▶ [What is required]
Return, word for word, every line starting at the line with "Cerdo Pintor-Cerdo que pinta-Pigcasso-Cerdo" and ending at the final line of the entries; skip the pictures.

BEGIN Input data

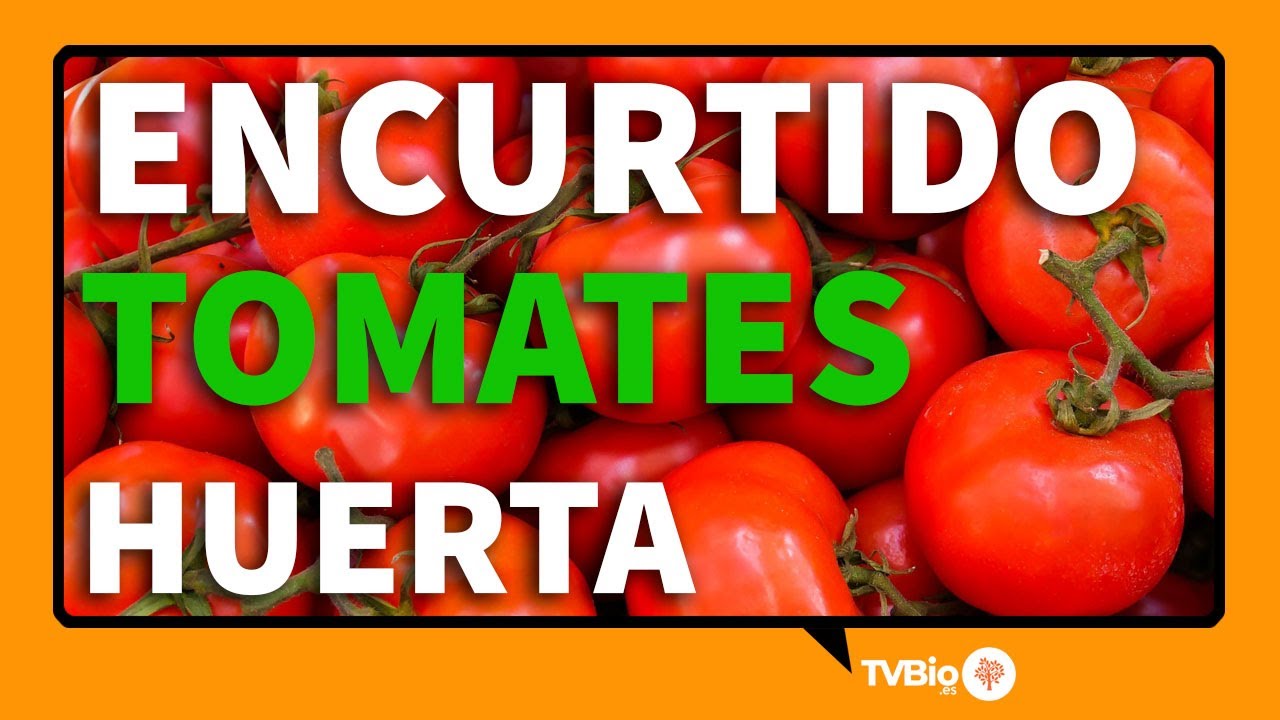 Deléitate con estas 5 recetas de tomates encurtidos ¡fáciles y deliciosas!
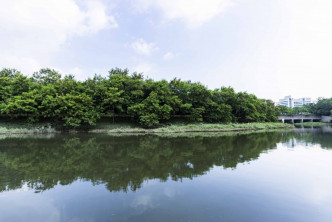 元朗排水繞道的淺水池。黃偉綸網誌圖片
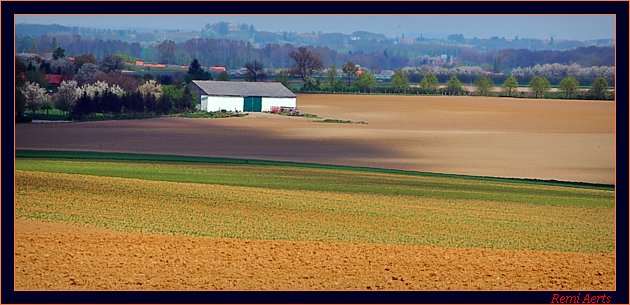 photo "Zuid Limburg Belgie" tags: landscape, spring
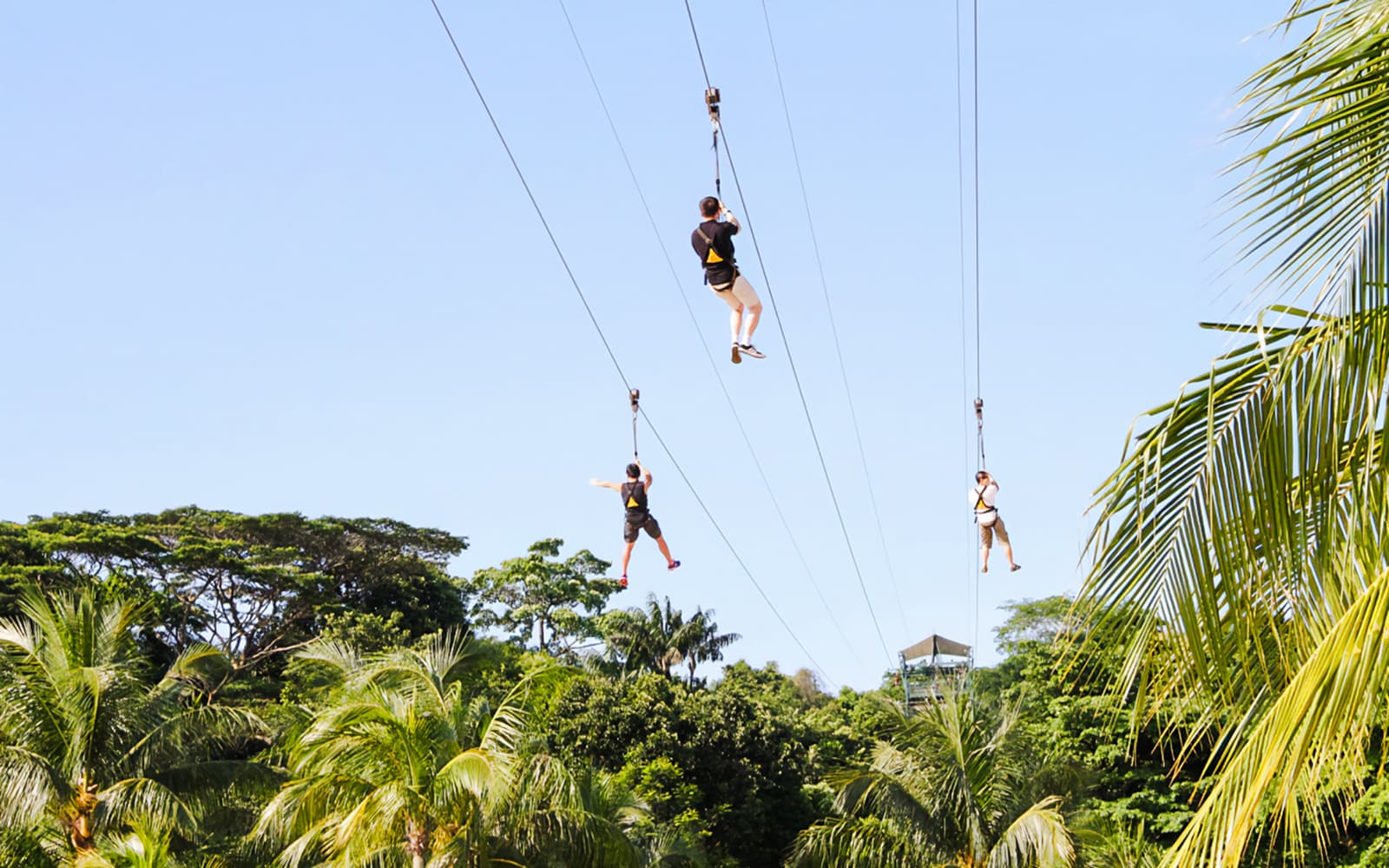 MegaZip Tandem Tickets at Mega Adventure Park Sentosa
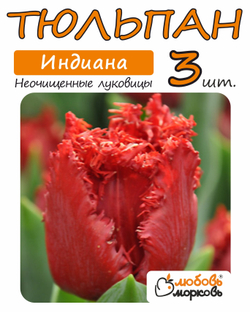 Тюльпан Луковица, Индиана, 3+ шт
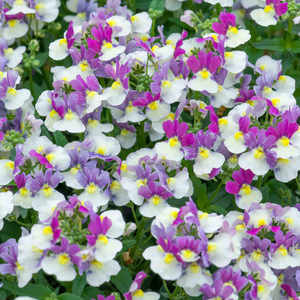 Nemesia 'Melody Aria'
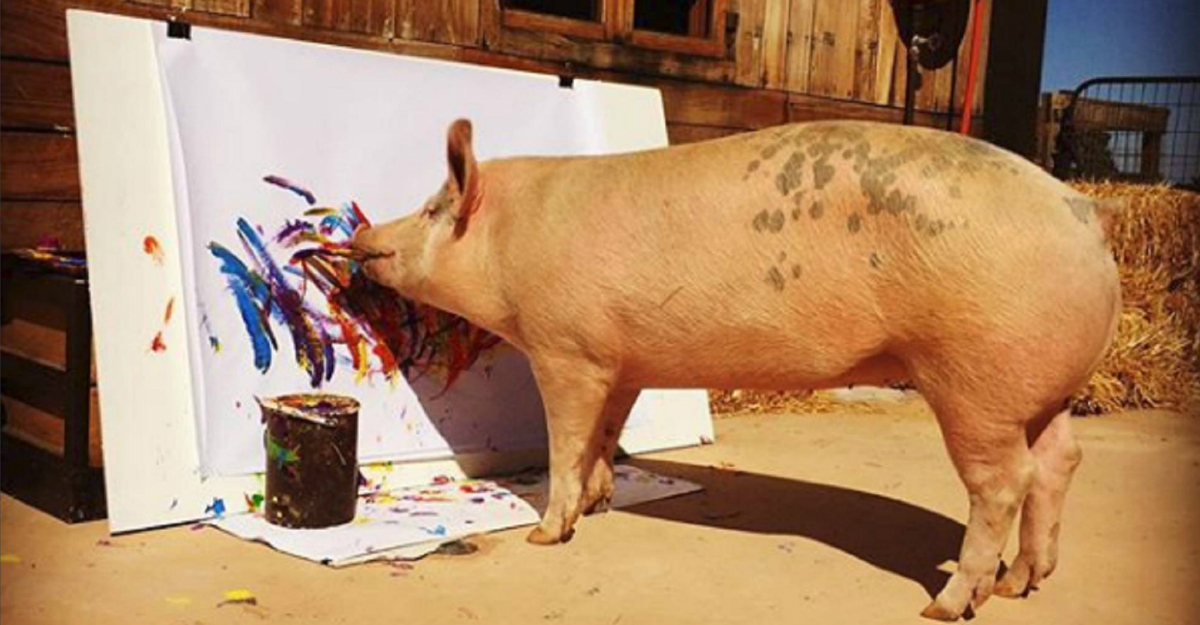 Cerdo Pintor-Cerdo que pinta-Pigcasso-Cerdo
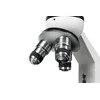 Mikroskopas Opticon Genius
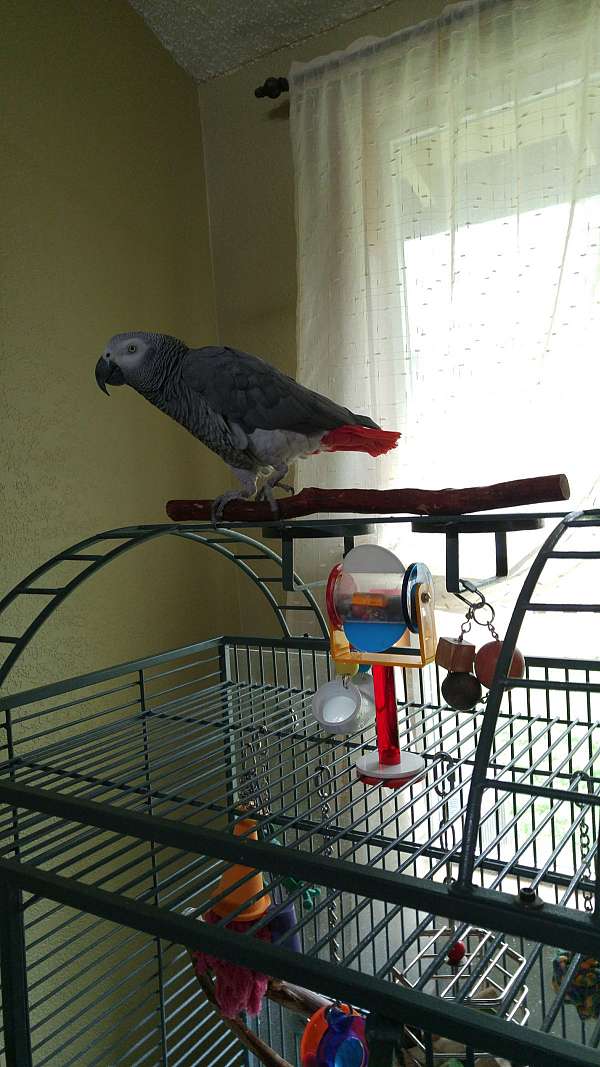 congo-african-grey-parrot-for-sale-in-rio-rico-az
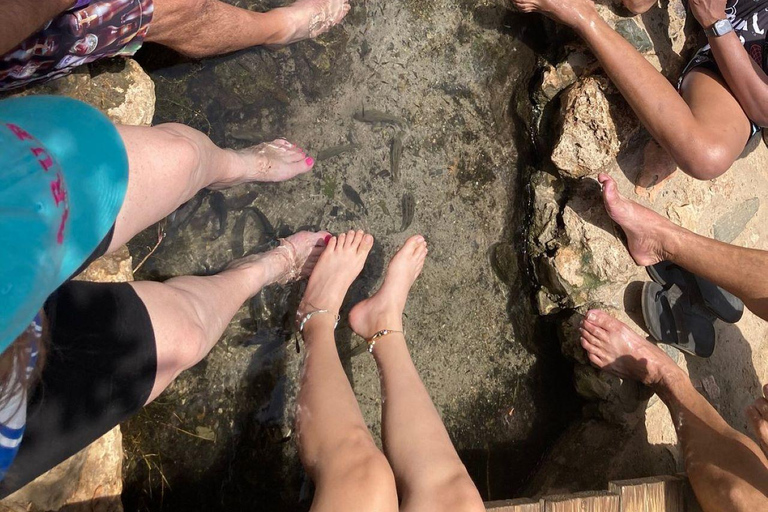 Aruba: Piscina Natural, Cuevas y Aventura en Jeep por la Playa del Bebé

END Input data

▶ [Answer space]
 Cerdo Pintor-Cerdo que pinta-Pigcasso-Cerdo
 Mikroskopas Opticon Genius
 congo-african-grey-parrot-for-sale-in-rio-rico-az
 Aruba: Piscina Natural, Cuevas y Aventura en Jeep por la Playa del Bebé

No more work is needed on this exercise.